Date : 28 novembre 1995
Source : France 2

Q. : Vous faites du centrisme sans le dire ?

R. : Je crois que Force démocrate était une occasion de se renouveler, un symbole, et puis, d’autre part de réunir deux partis, le PSD et le CDS. Je crois et je souhaite que ce soit l’occasion d’ouvrir un grand débat sur les idées. Peu importe ce que deviendront les hommes dans tout cela, je crois qu’il ne faut pas se tromper de combat. Ce n’est pas la carrière des hommes que l’on va juger avec cette nouvelle force démocrate, ce sont les idées, et la France en a besoin.

Q. : Voyez-vous F. Bayrou un jour à l’Élysée ?
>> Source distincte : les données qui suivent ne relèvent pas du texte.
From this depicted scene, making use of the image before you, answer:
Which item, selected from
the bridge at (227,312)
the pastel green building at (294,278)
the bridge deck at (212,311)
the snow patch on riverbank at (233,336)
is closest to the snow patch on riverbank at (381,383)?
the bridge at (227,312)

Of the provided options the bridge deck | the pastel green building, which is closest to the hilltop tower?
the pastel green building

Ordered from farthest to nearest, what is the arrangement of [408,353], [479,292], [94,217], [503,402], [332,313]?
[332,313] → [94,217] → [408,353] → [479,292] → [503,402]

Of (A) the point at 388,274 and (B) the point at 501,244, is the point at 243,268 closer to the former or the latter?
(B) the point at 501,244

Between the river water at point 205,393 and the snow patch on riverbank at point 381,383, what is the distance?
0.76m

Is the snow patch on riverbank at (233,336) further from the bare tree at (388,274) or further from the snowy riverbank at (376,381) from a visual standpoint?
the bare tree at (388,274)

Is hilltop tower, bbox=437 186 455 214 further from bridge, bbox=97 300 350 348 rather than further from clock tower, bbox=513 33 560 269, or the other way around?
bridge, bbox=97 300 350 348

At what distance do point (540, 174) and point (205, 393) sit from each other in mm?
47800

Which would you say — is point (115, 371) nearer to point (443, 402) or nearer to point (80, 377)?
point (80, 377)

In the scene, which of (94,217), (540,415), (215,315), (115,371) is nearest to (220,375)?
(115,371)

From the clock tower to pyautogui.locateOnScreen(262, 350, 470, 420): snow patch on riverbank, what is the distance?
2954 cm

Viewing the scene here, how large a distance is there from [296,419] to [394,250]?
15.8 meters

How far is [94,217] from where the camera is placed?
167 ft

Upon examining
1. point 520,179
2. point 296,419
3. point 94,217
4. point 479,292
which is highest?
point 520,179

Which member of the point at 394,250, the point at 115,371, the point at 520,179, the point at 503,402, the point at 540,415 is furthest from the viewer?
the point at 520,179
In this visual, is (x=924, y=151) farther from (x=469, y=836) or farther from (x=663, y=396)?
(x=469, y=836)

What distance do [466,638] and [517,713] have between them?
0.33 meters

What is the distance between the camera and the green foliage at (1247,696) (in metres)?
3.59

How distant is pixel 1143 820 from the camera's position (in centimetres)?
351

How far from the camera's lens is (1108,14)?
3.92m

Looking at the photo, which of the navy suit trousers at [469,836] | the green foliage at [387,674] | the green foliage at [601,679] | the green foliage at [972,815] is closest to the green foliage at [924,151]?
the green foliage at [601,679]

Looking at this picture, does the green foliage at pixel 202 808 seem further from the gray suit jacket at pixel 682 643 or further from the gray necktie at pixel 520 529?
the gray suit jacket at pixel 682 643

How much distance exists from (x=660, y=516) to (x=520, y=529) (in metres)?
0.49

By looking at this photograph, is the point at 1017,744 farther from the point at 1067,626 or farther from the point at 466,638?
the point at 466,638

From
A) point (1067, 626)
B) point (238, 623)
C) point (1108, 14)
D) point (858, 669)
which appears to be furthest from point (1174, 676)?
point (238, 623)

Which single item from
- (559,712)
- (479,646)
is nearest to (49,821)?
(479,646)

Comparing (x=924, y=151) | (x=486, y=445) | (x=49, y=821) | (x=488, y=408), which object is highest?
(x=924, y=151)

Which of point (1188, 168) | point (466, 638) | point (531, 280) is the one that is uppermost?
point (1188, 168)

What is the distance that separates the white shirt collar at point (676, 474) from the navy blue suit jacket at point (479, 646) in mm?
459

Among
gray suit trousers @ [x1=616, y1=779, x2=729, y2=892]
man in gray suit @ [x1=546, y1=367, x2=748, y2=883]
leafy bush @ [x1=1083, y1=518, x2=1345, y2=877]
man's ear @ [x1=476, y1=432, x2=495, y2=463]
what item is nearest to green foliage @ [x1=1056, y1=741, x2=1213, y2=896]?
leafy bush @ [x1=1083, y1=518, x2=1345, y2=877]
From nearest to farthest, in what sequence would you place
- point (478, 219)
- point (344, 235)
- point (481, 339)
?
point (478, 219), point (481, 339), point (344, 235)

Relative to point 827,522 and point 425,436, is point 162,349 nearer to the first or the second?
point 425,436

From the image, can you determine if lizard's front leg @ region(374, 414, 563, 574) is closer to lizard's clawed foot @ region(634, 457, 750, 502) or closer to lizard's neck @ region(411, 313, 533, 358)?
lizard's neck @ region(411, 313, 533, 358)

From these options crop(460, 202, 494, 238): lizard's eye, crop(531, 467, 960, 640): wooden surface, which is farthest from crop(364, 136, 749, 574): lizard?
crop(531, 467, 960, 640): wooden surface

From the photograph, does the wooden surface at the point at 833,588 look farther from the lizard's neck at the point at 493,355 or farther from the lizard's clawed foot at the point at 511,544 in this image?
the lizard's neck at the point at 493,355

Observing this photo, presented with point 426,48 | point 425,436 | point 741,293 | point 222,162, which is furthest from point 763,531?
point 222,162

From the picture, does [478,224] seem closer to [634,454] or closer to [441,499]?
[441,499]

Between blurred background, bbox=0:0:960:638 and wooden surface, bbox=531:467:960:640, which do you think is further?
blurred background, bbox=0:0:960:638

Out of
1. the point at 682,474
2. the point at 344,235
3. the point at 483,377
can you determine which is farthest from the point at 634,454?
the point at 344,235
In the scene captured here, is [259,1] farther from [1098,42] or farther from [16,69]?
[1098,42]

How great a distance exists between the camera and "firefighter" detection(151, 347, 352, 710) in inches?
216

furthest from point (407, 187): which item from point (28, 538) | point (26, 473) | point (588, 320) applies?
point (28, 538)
R. : Je ne sais pas ce que je vois pour l’instant, c’est beaucoup trop loin. Je ne sais pas si c’est oui ou non, je dis qu’il faut prendre son temps, d’abord se former sur le terrain avec des idées. On verra plus tard.

Q. : Vous parlez dans votre livre, « Des clefs pour le futur », d’un maillon qui manque entre l’école et l’emploi ?

R. : Oui, j’y crois beaucoup. Il y a longtemps que je dis cela mais je n’ai pas toujours été entendu. Il faut rendre l’entreprise obligatoirement formatrice, comme en Allemagne. Vous pourriez faire entrer 400 ou 500 000 jeunes en formation dans l’entreprise, qui pourraient éventuellement retourner à l’université au bout de deux ans s’ils le souhaitent. Mais vous auriez-là un vivier formidable de créateurs d’entreprises, un allégement de premiers cycles considérable, et aussi un premier pas dans la vie active. La culture générale donnée par l’éducation nationale n’est pas suffisante pour avoir une activité, il faut aussi acquérir la culture de l’activité.


Date : 28 novembre 1995
Source : RTL

Q. : Le ministère des Transports a dit hier que les cheminots allaient conserver leur régime de retraite spécial, vous êtes ministre de la Fonction publique. Qu’en sera-t-il ?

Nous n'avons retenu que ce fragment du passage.